Calculate Euclidean distance between two python arrays

Question

I want to write a function to calculate the Euclidean distance between coordinates in list_a to each of the coordinates in list_b , and produce an array of distances of dimension a rows by b columns (where a is the number of coordinates in list_a and b is the number of coordinates in list_b .

NB: I do not want to use any libraries other than numpy, for simplicity.

list_a = np.array([[0,1], [2,2], [5,4], [3,6], [4,2]])
list_b = np.array([[0,1],[5,4]])

Running the function would generate:

>>> np.array([[0., 5.830951894845301],
              [2.236, 3.605551275463989],
              [5.830951894845301, 0.],
              [5.830951894845301, 2.8284271247461903],
              [4.123105625617661, 2.23606797749979]])

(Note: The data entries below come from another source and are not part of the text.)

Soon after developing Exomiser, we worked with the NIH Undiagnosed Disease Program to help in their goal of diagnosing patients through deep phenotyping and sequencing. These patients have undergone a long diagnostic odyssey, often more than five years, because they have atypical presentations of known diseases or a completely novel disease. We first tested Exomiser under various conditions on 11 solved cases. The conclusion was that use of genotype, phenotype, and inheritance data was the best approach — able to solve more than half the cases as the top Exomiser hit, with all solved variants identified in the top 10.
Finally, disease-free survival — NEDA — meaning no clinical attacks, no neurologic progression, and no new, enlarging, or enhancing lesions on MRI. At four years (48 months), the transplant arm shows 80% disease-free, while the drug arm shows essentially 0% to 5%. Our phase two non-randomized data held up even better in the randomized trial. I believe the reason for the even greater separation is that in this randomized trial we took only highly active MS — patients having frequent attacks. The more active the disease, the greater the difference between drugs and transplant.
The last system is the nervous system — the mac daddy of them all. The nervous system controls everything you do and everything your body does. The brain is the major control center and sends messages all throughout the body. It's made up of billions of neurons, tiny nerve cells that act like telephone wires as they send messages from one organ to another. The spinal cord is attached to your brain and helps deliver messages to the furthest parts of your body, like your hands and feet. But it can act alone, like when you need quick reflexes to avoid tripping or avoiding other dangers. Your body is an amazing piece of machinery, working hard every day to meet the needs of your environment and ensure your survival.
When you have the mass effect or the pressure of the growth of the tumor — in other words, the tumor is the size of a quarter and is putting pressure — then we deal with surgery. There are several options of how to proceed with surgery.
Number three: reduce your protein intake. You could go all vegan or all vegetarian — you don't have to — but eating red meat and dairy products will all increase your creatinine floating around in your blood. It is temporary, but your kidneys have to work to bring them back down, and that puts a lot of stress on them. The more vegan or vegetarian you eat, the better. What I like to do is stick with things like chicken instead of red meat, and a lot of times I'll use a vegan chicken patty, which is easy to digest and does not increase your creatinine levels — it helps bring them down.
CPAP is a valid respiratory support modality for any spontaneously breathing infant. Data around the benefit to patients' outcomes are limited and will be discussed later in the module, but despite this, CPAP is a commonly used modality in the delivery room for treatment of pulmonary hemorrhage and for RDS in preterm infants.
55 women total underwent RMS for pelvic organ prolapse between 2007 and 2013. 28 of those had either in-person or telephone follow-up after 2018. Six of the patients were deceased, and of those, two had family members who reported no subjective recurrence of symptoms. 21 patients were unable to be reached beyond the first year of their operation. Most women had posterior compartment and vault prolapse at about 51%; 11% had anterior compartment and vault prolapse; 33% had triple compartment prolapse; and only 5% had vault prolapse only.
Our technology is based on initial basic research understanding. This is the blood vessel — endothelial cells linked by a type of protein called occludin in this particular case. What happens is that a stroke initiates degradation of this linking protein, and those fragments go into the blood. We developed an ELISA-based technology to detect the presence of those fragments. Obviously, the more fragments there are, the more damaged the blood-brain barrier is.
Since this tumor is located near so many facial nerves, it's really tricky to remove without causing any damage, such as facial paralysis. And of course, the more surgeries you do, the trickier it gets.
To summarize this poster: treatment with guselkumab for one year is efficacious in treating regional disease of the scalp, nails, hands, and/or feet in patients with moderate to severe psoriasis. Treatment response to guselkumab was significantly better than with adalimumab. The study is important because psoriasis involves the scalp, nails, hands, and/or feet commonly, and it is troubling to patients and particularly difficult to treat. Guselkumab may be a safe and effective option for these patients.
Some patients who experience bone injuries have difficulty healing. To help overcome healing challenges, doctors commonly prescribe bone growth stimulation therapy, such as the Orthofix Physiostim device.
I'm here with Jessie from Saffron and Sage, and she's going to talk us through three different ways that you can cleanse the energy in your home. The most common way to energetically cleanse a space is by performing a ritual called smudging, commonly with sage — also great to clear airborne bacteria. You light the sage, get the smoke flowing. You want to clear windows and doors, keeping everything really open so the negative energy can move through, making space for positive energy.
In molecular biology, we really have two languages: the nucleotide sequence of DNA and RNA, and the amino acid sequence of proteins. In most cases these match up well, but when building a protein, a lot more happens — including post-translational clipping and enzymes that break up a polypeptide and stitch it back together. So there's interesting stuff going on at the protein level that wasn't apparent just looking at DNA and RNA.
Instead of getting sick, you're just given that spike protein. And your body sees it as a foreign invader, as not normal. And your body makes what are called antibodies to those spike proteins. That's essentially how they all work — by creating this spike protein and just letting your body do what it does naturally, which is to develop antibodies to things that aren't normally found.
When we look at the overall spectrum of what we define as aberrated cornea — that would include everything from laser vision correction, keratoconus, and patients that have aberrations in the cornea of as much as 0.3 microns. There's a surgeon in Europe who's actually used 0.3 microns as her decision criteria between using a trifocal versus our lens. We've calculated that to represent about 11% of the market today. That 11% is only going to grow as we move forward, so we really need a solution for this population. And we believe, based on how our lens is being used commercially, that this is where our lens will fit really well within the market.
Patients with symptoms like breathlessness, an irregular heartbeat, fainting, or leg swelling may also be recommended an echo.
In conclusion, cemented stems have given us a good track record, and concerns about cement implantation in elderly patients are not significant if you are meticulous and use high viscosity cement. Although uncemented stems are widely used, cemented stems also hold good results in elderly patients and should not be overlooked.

I have been trying to run the below

def run_euc(list_a,list_b):
    euc_1 = [np.subtract(list_a, list_b)]
    euc_2 = sum(sum([i**2 for i in euc_1]))
    return np.sqrt(euc_2)

But I am getting the following error:

ValueError: operands could not be broadcast together with shapes (5,2) (2,2)

Thank you.

Answer 1

I wonder what is stopping you from using Scipy. Since you are anyway using numpy, perhaps you can try using Scipy, which is not so heavy.

Why?
It has many mathematical functions with efficient implementations to make good use of your computing power.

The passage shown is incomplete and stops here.